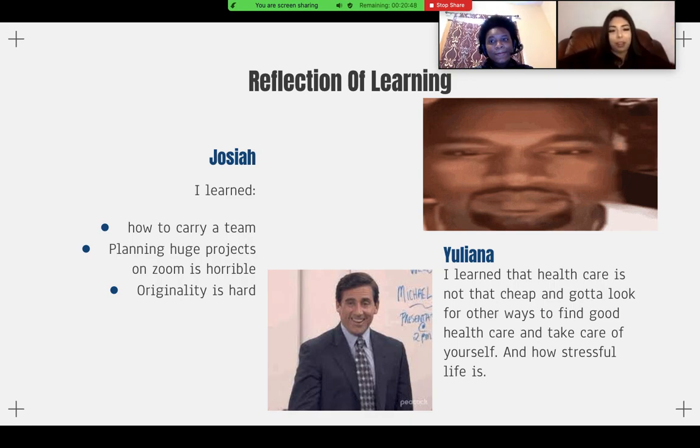What I learned is that healthcare is not cheap, and you have to find other ways to look for affordable healthcare and take care of yourself. As you get older, less people start caring about you, so you need to find more ways to afford healthcare — and how stressful life can be. And planning really huge projects over Zoom is not great because not everyone is in contact with everyone, there are internet problems, and everyone has their own problems.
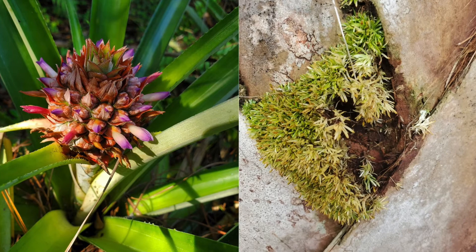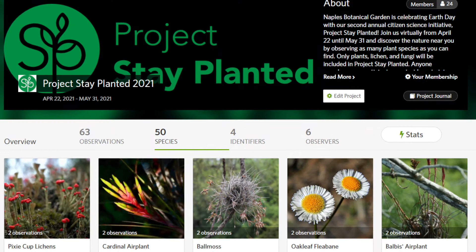Ballmoss may be prevalent on trees here in southwest Florida, but many other plants can be found all around. Which plant do you think will be our top find during Project Stay Planted this year?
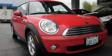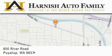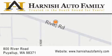This automobile won't last long at this price — call and arrange a test drive now. Harnish Auto Family is located at 800 River Road in Puyallup. Our goal is to exceed all of your expectations to ensure that you'll return for future visits.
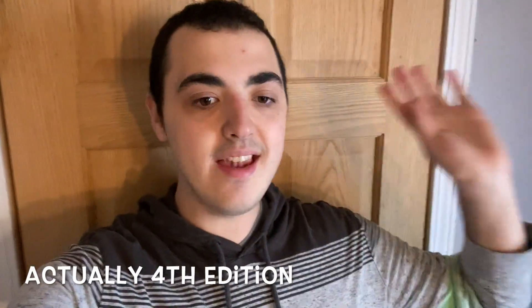Hi everyone and welcome to Haul Like Couponers. Today I am here with another edition — this is the third edition of a couponer's guide to gifting. I'm so excited to be back with another great gifting idea for you guys.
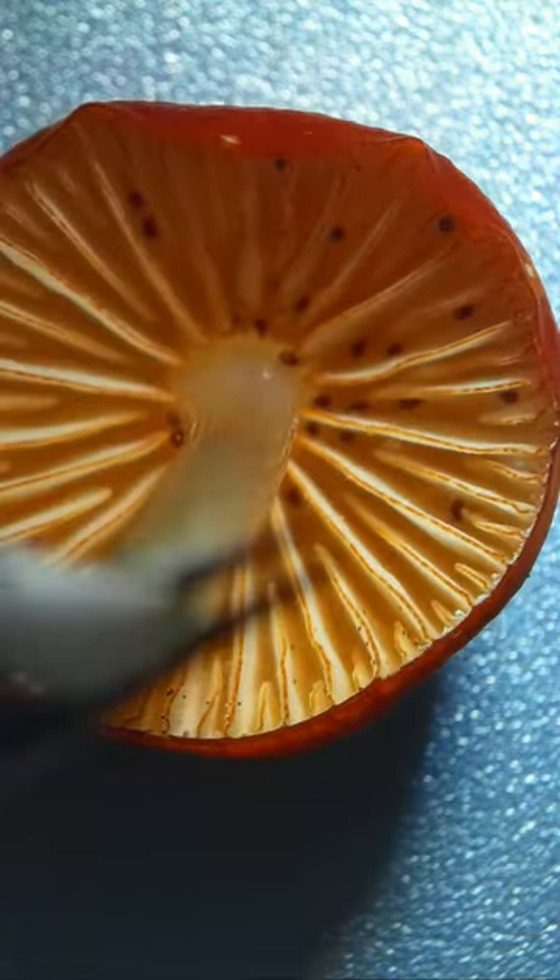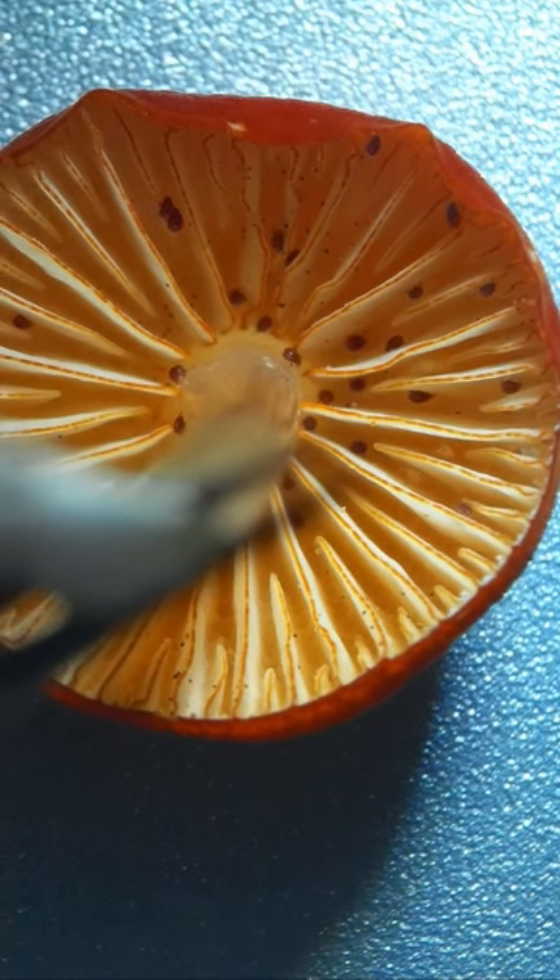I have no idea what they are, why they're under this hood, or how they got so juicy. But if you know any of those things — why would you know that? Do you like bugs or something? Anyway.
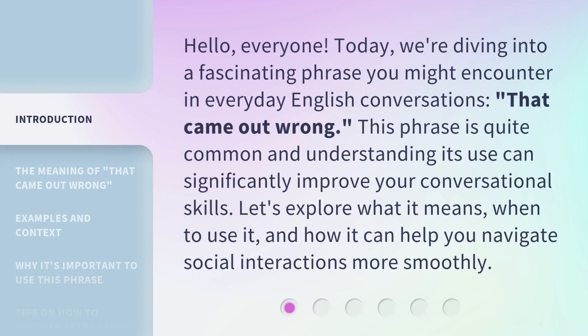Hello, everyone. Today, we're diving into a fascinating phrase you might encounter in everyday English conversations: 'that came out wrong.' This phrase is quite common and understanding its use can significantly improve your conversational skills. Let's explore what it means, when to use it, and how it can help you navigate social interactions more smoothly.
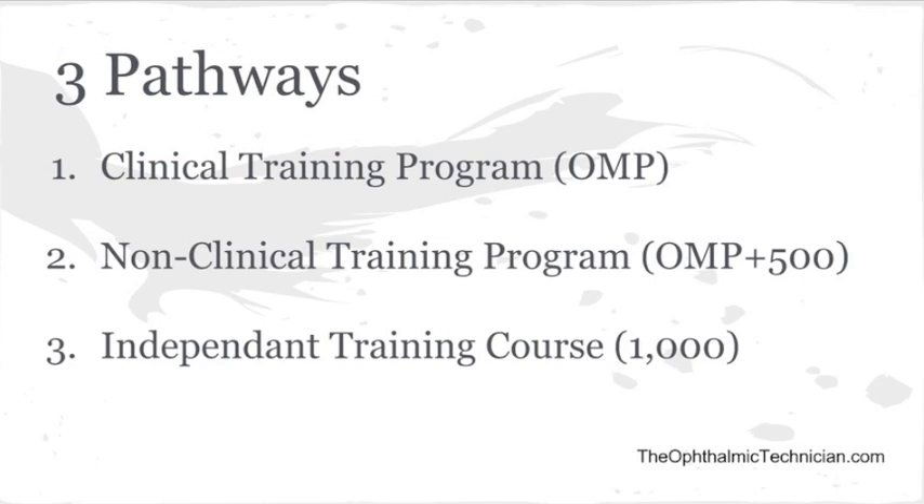The third pathway is through an independent training course. This is the pathway I took, and it's a pathway lots of people I know take. You get hired by an ophthalmology clinic and work for them for about six months, and while you're working for them, you can study for the COA exam.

[Work instruction]
Everything in the entries must be written out exactly; the pictures stay out.

[Answer to this exercise]
What I learned is that healthcare is not cheap, and you have to find other ways to look for affordable healthcare and take care of yourself. As you get older, less people start caring about you, so you need to find more ways to afford healthcare — and how stressful life can be. And planning really huge projects over Zoom is not great because not everyone is in contact with everyone, there are internet problems, and everyone has their own problems.
Ballmoss may be prevalent on trees here in southwest Florida, but many other plants can be found all around. Which plant do you think will be our top find during Project Stay Planted this year?
This automobile won't last long at this price — call and arrange a test drive now. Harnish Auto Family is located at 800 River Road in Puyallup. Our goal is to exceed all of your expectations to ensure that you'll return for future visits.
Hi everyone and welcome to Haul Like Couponers. Today I am here with another edition — this is the third edition of a couponer's guide to gifting. I'm so excited to be back with another great gifting idea for you guys.
I have no idea what they are, why they're under this hood, or how they got so juicy. But if you know any of those things — why would you know that? Do you like bugs or something? Anyway.
Hello, everyone. Today, we're diving into a fascinating phrase you might encounter in everyday English conversations: 'that came out wrong.' This phrase is quite common and understanding its use can significantly improve your conversational skills. Let's explore what it means, when to use it, and how it can help you navigate social interactions more smoothly.
The third pathway is through an independent training course. This is the pathway I took, and it's a pathway lots of people I know take. You get hired by an ophthalmology clinic and work for them for about six months, and while you're working for them, you can study for the COA exam.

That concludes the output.